I'm not the best singer in the world, but all the music I like and want to make is just fucking
musical and melody and shit. That's what I like.
I know I'm not the best singer, but a friend of mine and Kendrick was a...
I played it some stuff and he said, oh, this shit is just feeling.
Like, feeling.
Like, you weren't worried about the technical being perfect with your vocal.
It was actual emotion.
And when he said that, it was like, oh, shit, you're right.
That's why I don't try to always get people to sing my...
Sometimes I'm just like, fuck it, I'll sing it because someone else can't really sing my truth
and what I'm trying to say.
So I got it out, and I wrote this song basically.
about that.
I made it in the middle of an Aesap Ferg section in New York.
We was making hard shit and he took a break and I just
kind of made this.
It goes like this.
Tyler's emphasis on feeling is heard as he sings,
Running out of time, running out of time, running out of time.
The repetitions of the phrase add immediacy to his plea.
Soon there's a response to his call,
To Make You Love Me, sung in harmony with singer Jesse Wilson.
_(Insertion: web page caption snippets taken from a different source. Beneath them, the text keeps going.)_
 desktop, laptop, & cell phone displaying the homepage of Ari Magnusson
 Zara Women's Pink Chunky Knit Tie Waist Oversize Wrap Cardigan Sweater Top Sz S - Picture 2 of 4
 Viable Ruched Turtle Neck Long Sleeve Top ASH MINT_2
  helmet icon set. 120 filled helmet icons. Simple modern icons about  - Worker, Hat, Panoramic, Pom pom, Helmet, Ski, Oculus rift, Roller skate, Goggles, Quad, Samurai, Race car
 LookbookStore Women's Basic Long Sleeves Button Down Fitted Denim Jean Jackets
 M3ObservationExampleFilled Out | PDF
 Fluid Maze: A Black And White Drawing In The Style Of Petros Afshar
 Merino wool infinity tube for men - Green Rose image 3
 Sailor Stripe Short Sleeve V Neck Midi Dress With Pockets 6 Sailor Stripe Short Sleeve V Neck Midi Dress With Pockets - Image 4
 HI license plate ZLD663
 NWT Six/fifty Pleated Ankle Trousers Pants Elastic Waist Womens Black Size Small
As alluded to on I Think and Boyfriends,
Time is Tyler's most precious resource.
He seems ever aware of the grains of sand relentlessly passing through the hourglass of our lives,
making the ambiguity of this romance a dire situation.
Time is always running, and Tyler is struggling with the fact that he can't stop the clock,
nor can he control whether or not his crush loves him back.
Instead, he's at the whim of both time and his crush.
The obstacle, as Drod put it, is both romantic and existential,
expressing that all-too-relatable frustration with the things in life we cannot totally control.
and the feelings of inferiority and insecurity that often accompany rejection.
Recall that back on Igor's theme, running was actually the first word we heard Tyler say on the album,
likely because it represents so many of the album's themes simultaneously.
If Tyler's pursuit of his crush is akin to running,
be it a marathon or a political election, Tyler's losing the race.
His crush isn't voting Igor.
Tyler prefaces what we might consider a verse with one word,
Secrets. Perhaps on its own it'd feel ambiguous, but within the context of Igor and what we know
about this fumbling relationship, Secrets is concise commentary on the lack of communication between
Tyler and his crush, the feelings they are both withholding from each other. Tyler continues,
Oh, you spin my head around, I've been looking for it. The play here is that Tyler's lost his mind,
made dizzy by his crush, losing his sense of direction. It continues his general disarray,
from the shaking of earthquake to the off-balance and falling of I-think.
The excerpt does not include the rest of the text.